Why the Transform Dialect?

In order to fully utilize the hardware capabilities, target specific compiler optimizations must be leveraged. During compilation, domain specific knowledge can be incorporated to squeeze even more performance out of the hardware. Nowadays, programmers are mostly limited to using high level compiler directives like pragmas to influence passes. This rigid approach lacks modularity and extensibility, meaning that low level program optimizations must be performed for each and every target platform. Additionally, the Transform dialect incurs less than 2.6% compile time overhead while providing robust and scalable features.

The End of Moore’s Law

For decades, computer performance was riding the transistor shrinking wave. As transistors got smaller, chips could pack more and more transistors per unit area. The slowing down of Moore’s law has left engineers looking for new ways of obtaining more performance improvements.

The end of Moore’s law paves the way for specialization and hardware acceleration. Since general purpose hardware is at a saturation point, computing systems now offload certain tasks and workloads to specialized units called accelerators. As opposed to general purpose processing units, accelerators are built with a single specific usage in mind. For example, we are experiencing firsthand the rise of SoCs that integrate all kinds of processors and different heterogeneous systems tailored for domain specific workloads.

The complexity needed to manage this ever growing compute platform diversity is not trivial. However, with the help of the compiler, we can bridge the gap between high level software constructs and lower level platform specific implementations. Given the current landscape, frameworks such as LLVM and MLIR aim to consolidate, standardize and solve many of the problems caused by the ever increasing number of specialized architectures.

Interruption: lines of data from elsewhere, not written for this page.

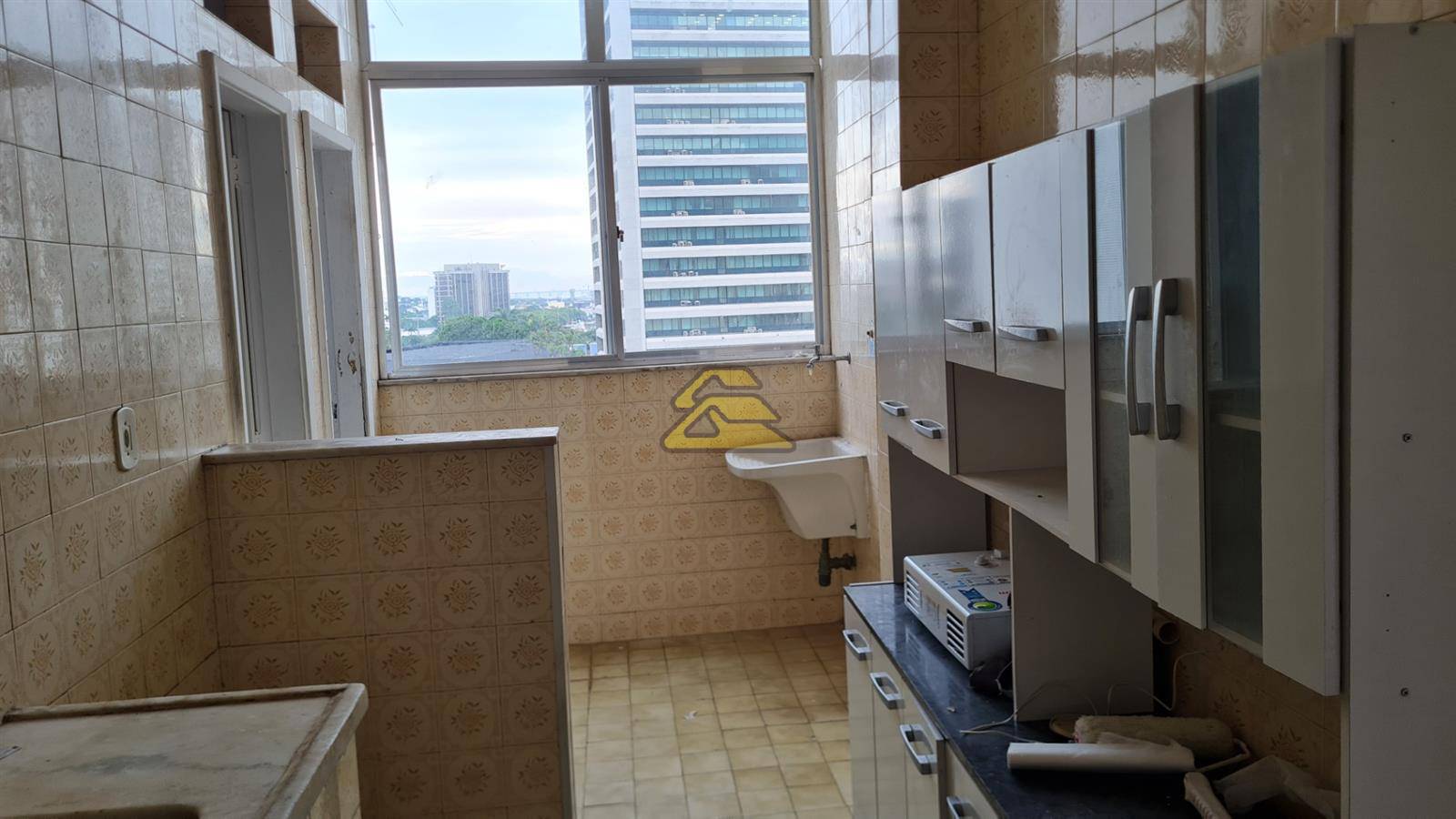 Apartamento à venda com 3 quartos, 83m² - Foto 27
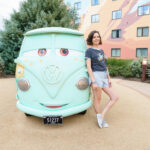 Fachada do setor Cars do Disney's Art of Animation Resort com o ônibus temático de Radiator Springs
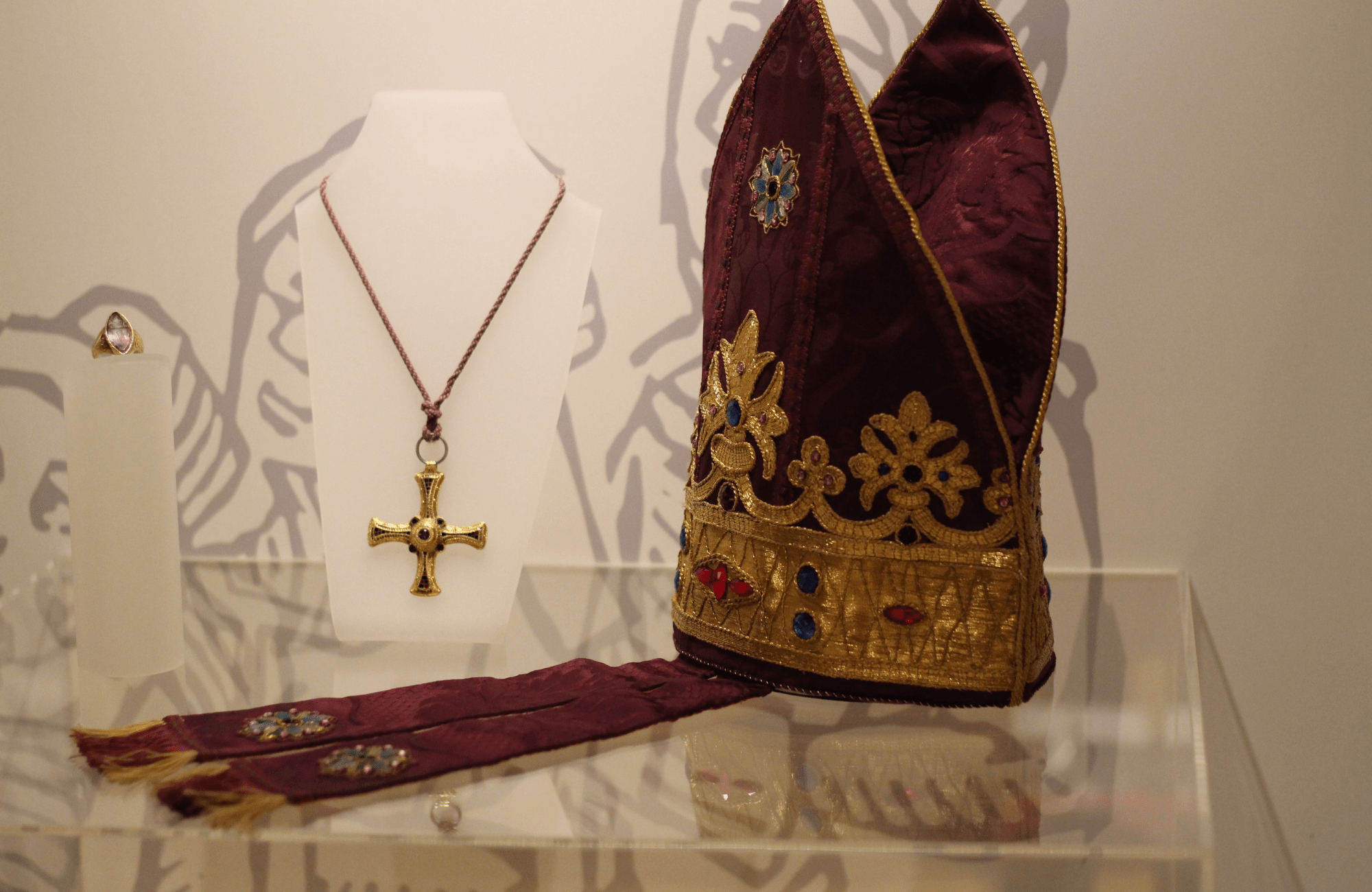 Daughters of God: Women at Durham Cathedral - Museum Exhibition 1 Daughters of God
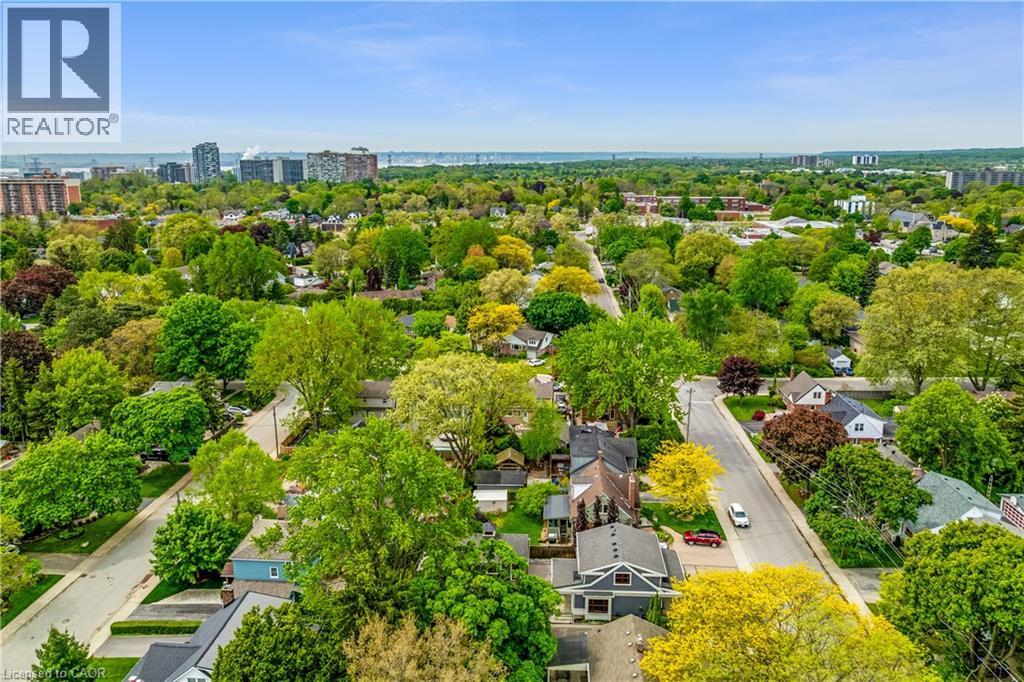 Photo 45 of 605 Emerald Street, Burlington ON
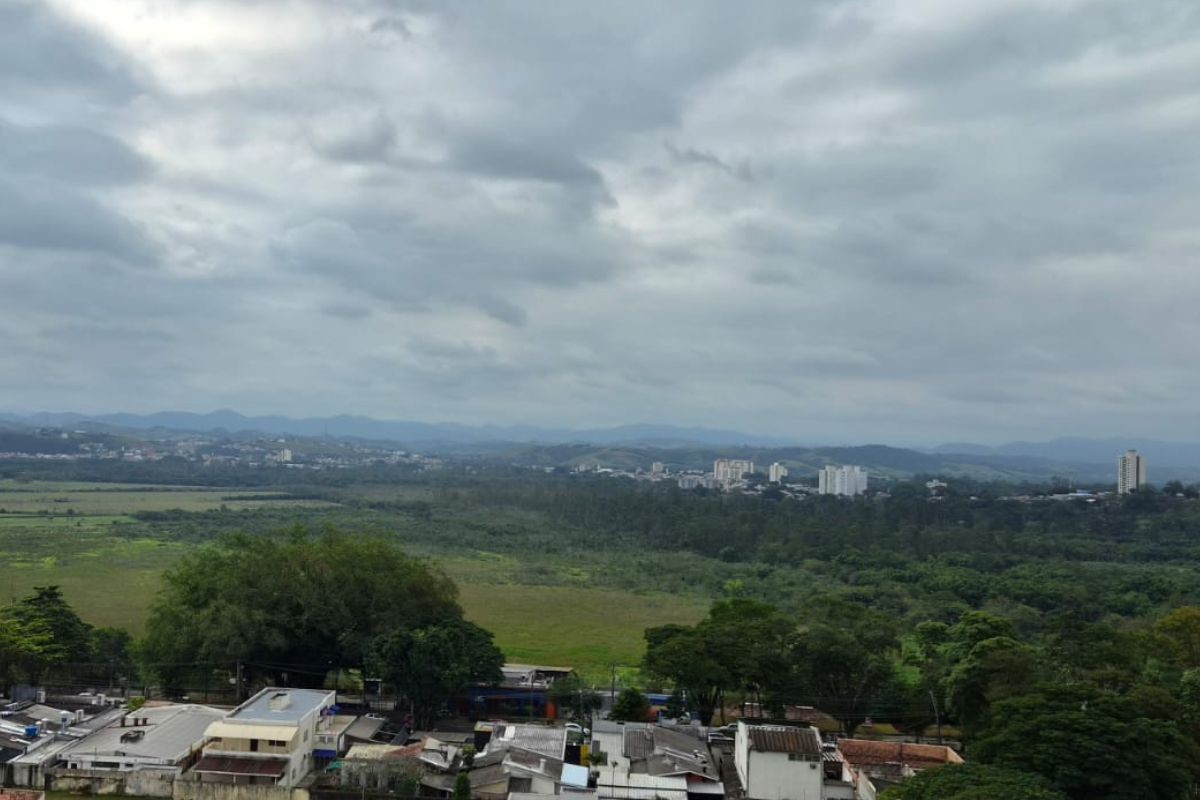 Fim de semana terá manhãs frias, nevoeiro e chance de chuva no Vale do Paraíba e Litoral Norte; veja previsão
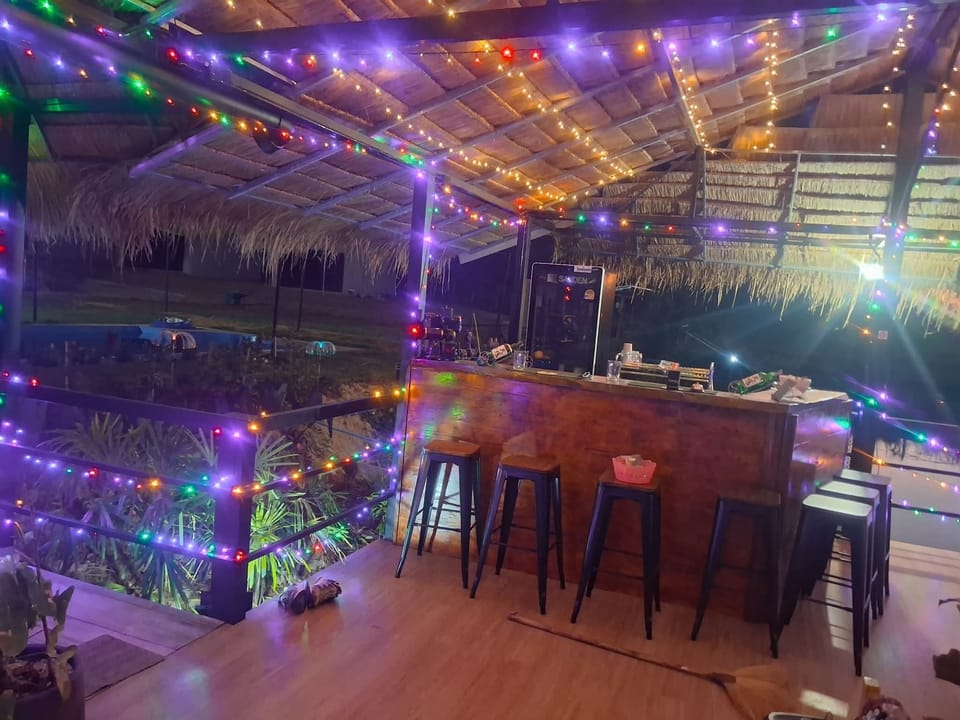 Luxury Studio Suite, Resort View | Bar (on property)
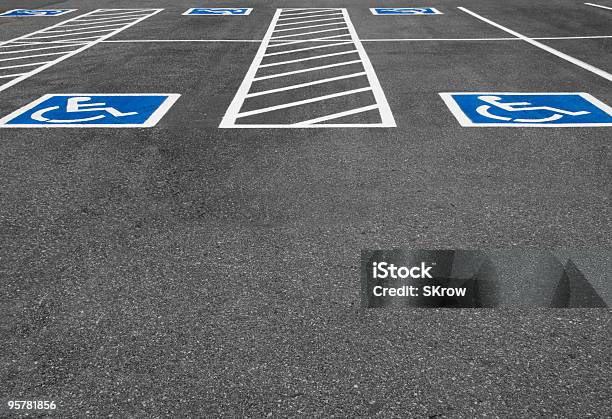 Foto de Vagas De Estacionamento Para Deficientes e mais fotos de stock de Estacionamento de carros - Estacionamento de carros, Listrado, Azul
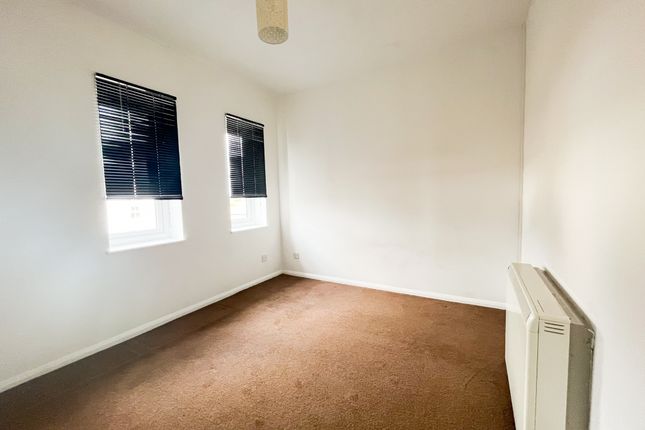 12 Saxon Court, London Road, Benfleet photo 4
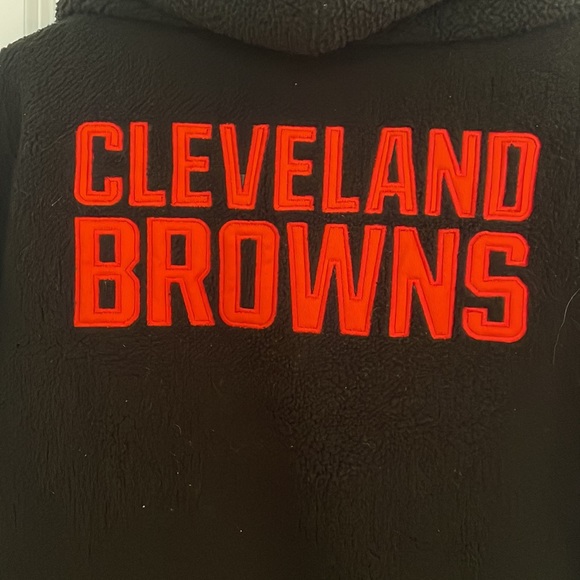 Cleveland Browns Sherpa Zip Hoodie - Picture 5 of 5
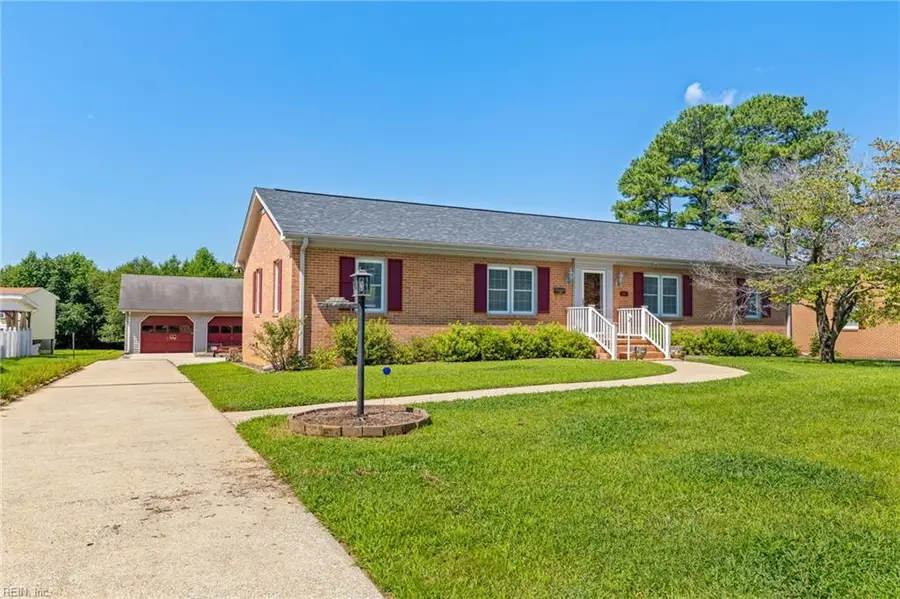 303 Miles Circle, Emporia, VA 23847 - #2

Payload and Schedule Approach

The transform dialect is not the first to separate the payload (ie. program) from the schedule (ie. the transformations performed on the program), in fact frameworks such as Halide, TVM, and TACO have been using this concept before the existence of the Transform dialect. Although, they seperate the schedule from the payload, these frameworks focus on domain specific optimizations, have predefined software stacks and are not well integrated into a generic compiler unlike the Transform dialect. The goal is to provide a general purpose solution that can be deployed for various envrionments and targets.

Modularity and Extensibility

The MLIR Transform dialect is designed with modularity at its core. Users have the ability to define new transformations that can integrate seamlessly into existing workflows. One of the standout features is its extensibility. Users can inject additional operations into the dialect using mechanisms like TransformDialectExtension, allowing for custom transformations without altering the core dialect. Additionally, users can compose new transformations by combining existing ones or creating entirely new operations. This allows for precise control over compiler transformations and facilitates the highly iterative workflows needed for research purposes.

Hardware Specific Optimizations and Search Methods

In practice, the transform dialect can be used to perform a sequence of optimizations that result in efficient code generation for MLIR operations. The Transform Dialect is particularly effective in optimizing linear algebra computations such as matrix multiplication and convolution.

Composing existing transformations can lead to highly efficient code tailored to specific architectures. Furthermore, the Transform dialect allows for the customization of compiler transformations to best use the characteristics of the target hardware such as the cache block size or the number of registers. This flexibility is crucial for maximizing performance across a wide range of accelerators.

The separation of the payload and schedule allows for the use of search methods to explore optimization spaces effectively. This enables autotuning transformation parameters with the goal of finding the most optimal set of parameters on specific workloads and for specific targets.

Challenges and Learning Curve

While the transform dialect offers powerful capabilities, it requires a solid understanding of MLIR’s infrastructure. Familiarity with existing transformation patterns and how they interact with the transform dialect is crucial for effectively leveraging its potential.

For most of my time, I have treated compilers as a black box, passing in an input file and getting a binary in return. Taking a compiler course has sparked my interest even further. More recently, I have been spending time reading about LLVM and MLIR. Despite the steep learning curve, I believe these to be important and promising frameworks I need to add to my arsenal.

For those interested in diving deeper, I recommend starting with MLIR’s basic tutorials before tackling the transform dialect. It’s a rewarding journey that opens up new possibilities in compiler design and optimization.